Titolo: Ciccilla, la brigantessa che ispirò Robin Hood

Autore: Isabella Fava


Articolo:
(da «Donna moderna» n. 11 del 2021)
A 17 anni sposò un ex soldato dell'esercito borbonico. A 21 combatteva sui monti della Sila contro quell'Unità d'Italia da cui si sentiva tradita. A 22 fu arrestata e condannata a morte. Una donna leggendaria che lottò per la sua libertà, affascinando perfino lo scrittore Alexandre Dumas. E che oggi riscopriamo protagonista di un romanzo potente
Si chiamava Maria Oliverio, ma per tutti era Ciccilla. Fu arrestata a 22 anni il 16 febbraio 1864, nascosta in una grotta nel bosco di Caccuri, nella Sila, «coi capelli corti da uomo, la faccia lorda e segnata da due anni sulle montagne, le unghie spezzate» scrive Giuseppe Catozzella nel suo nuovo romanzo «Italiana» (Mondadori). Ciccilla è la prima brigantessa della storia italiana, la prima e unica a guidare una banda in Calabria. E «Italiana» è la sua storia, raccontata in prima persona. C'è lei: bambina, poi ragazza, poi donna. Ci sono la sua famiglia, suo marito, il legame con la sua terra, i sogni e le sconfitte. Fino alla condanna a morte, poi commutata in ergastolo.

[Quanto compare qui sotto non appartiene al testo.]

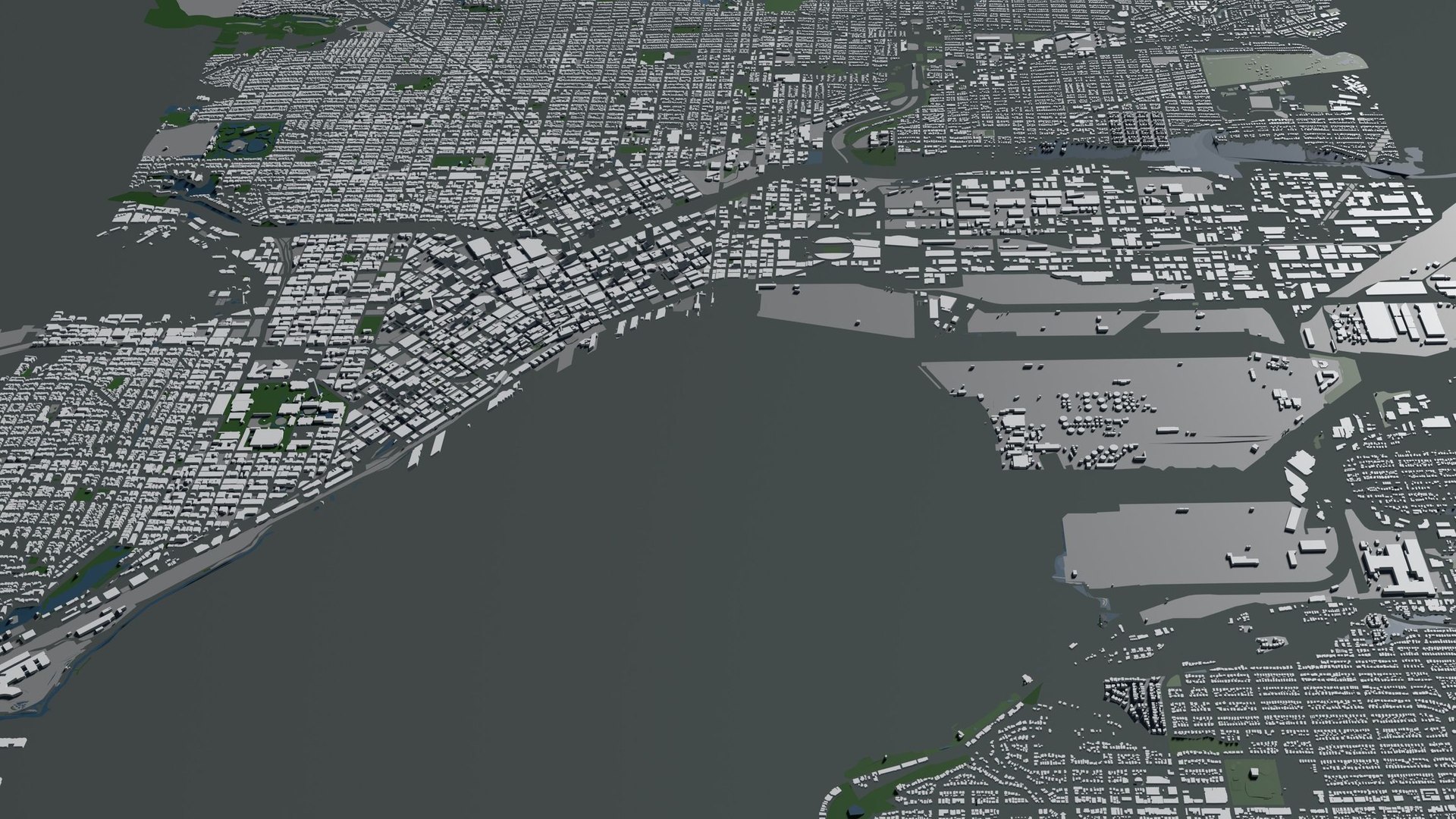 Seattle USA - Mass Buildings 3D - TurboSquid 1978071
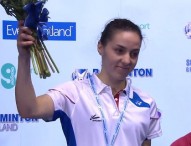 Beatriz Corrales, subcampeona en el Scottish Open Grand Prix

«La storia di Ciccilla è una storia di liberazione progressiva» racconta Catozzella. «All'inizio da un rapporto di amore e odio ferocissimo con la sorella Teresa. Poi da un legame molto passionale col marito Pietro Monaco, uomo idealista ma anche violento». Maria cresce in povertà. Con 6 fratelli, anche se l'unica traccia della sorella Teresa è una T tracciata col lapis sul muro del camino. Teresa era stata data in adozione a una famiglia ricca, però torna dalla sua, dopo che i suoi nuovi genitori vengono uccisi dai rivoltosi. Si accanisce su Maria e la caccia di casa. «Così Maria va a vivere con la zia sul bordo della montagna. E lì, in quei boschi, a contatto con la natura e gli animali, sente il richiamo di una parte più originaria, autentica. Quello sarà il momento in cui ritroverà se stessa». A 16 anni si innamora di Pietro, un ex soldato dell'esercito borbonico diventato prima un cospiratore poi un disertore. Si sposano l'anno successivo. E nell'estate del 1860, dopo lo sbarco di Garibaldi in Sicilia, «il mondo ha cominciato a cambiare»: Maria viene tradita dalla sorella, è arrestata, si vendica, e inizia una nuova trasformazione. Nel bosco. In quel momento decide di prendere le armi e combattere contro le ingiustizie. «È una donna che ha il coraggio di inseguire il sogno della sua libertà, che ha il coraggio di cercare se stessa e capire chi è destinata a essere. La sua è la storia di liberazione di una donna e contemporaneamente la storia di un Paese, il nostro, che cerca una strada per la sua liberazione» spiega Catozzella. «Raccontando di Ciccilla si raccontano i caratteri costitutivi di noi italiani: il fatto che il nostro Paese ne contenga al suo interno due - il Nord industrializzato su cui si è puntato fin dall'Unità di Italia, 160 anni fa, e il Sud che invece è ancora fondamentalmente agricolo - e poi il populismo, lo scollamento tra cittadini ed élite, e anche la scarsa identificazione con lo Stato, lo scarso senso civico e di comunità».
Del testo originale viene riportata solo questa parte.